Isaak et al evaluated the diagnostic and prognostic value of CMR in patients with acute stage PPCM compared to healthy pregnant women. Similar to Isaak et al, PPCM patients in our cohort had reduced left ventricular function, increased left ventricular volumes, increased left ventricular mass, and abnormal strain parameters compared to healthy control group. Isaak et al observed impaired right ventricular systolic function with normal right ventricular volumes in patients in the acute stage of PPCM, which normalized on follow-up CMR. 18 Our patient population had normal median right ventricular systolic function and volumes but the majority of the PPCM cohort were not scanned during the acute phase.
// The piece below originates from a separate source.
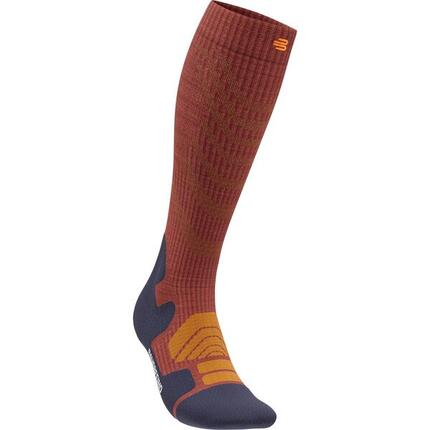Wandersocken Outdoor Merino Compression Socks Men granat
This is a retrospective single-centre study with potential selection bias as patients were identified using keywords to search radiology reports from January 2010 to February 2018. Our patient population may have had more severe cardiovascular dysfunction or symptoms to warrant a CMR. In addition, a relatively small patient cohort, long interval between delivery and baseline MRI, and incomplete clinical and imaging follow-up data limit the ability to correlate the temporal changes in LGE, strain patterns, and functional data with patient outcomes. However, other studies have found significant value in CMR in PPCM patients for both the diagnosis and prognostication. CMR is helpful in suspected PPCM cases not only to rule out other causes of cardiac dysfunction (such as acute myocarditis) but also valuable to provide accurate biventricular size and functional assessment, strain analysis for earlier detection of cardiac dysfunction, LGE detection, which has been shown to offer prognostic value correlating with worsening ventricular function over time or lack of functional recovery.7,11,18 Furthermore, our control group consisted of healthy women who were not pregnant or postpartum. This limits our ability to draw conclusions regarding comparisons with a cohort of women with uncomplicated pregnancy or women in the post-partum period. Another limitation is that parametric mapping and T2 weighted imaging, which is standard practice today, were not performed in most PPCM patients (n = 27). This precludes identification of interstitial fibrosis and/or myocardial oedema that can be present even in the absence of LGE. Future multicentre research involving larger patient populations is needed to confirm our findings.
Conclusion
PPCM remains a diagnosis of exclusion and poses a diagnostic dilemma for referring clinicians. Myocardial strain was significantly reduced in patients with PPCM compared to the control group. The prevalence of LGE in our cohort was higher than reported in some recently published studies. LGE was most often linear and most prevalent in the basal and mid anteroseptum in our study. This LGE pattern and distribution may be nonspecific in isolation but could suggest PPCM in the correct clinical context along with abnormal CMR strain values. Larger prospective studies are needed to validate these findings.
Footnotes
Acknowledgements
We would like to express our gratitude to all those who contributed to the completion of this research and to our families for their continued support.
Declaration of Conflicting Interests
The author(s) declared no potential conflicts of interest with respect to the research, authorship, and/or publication of this article.
Funding
The author(s) received no financial support for the research, authorship, and/or publication of this article.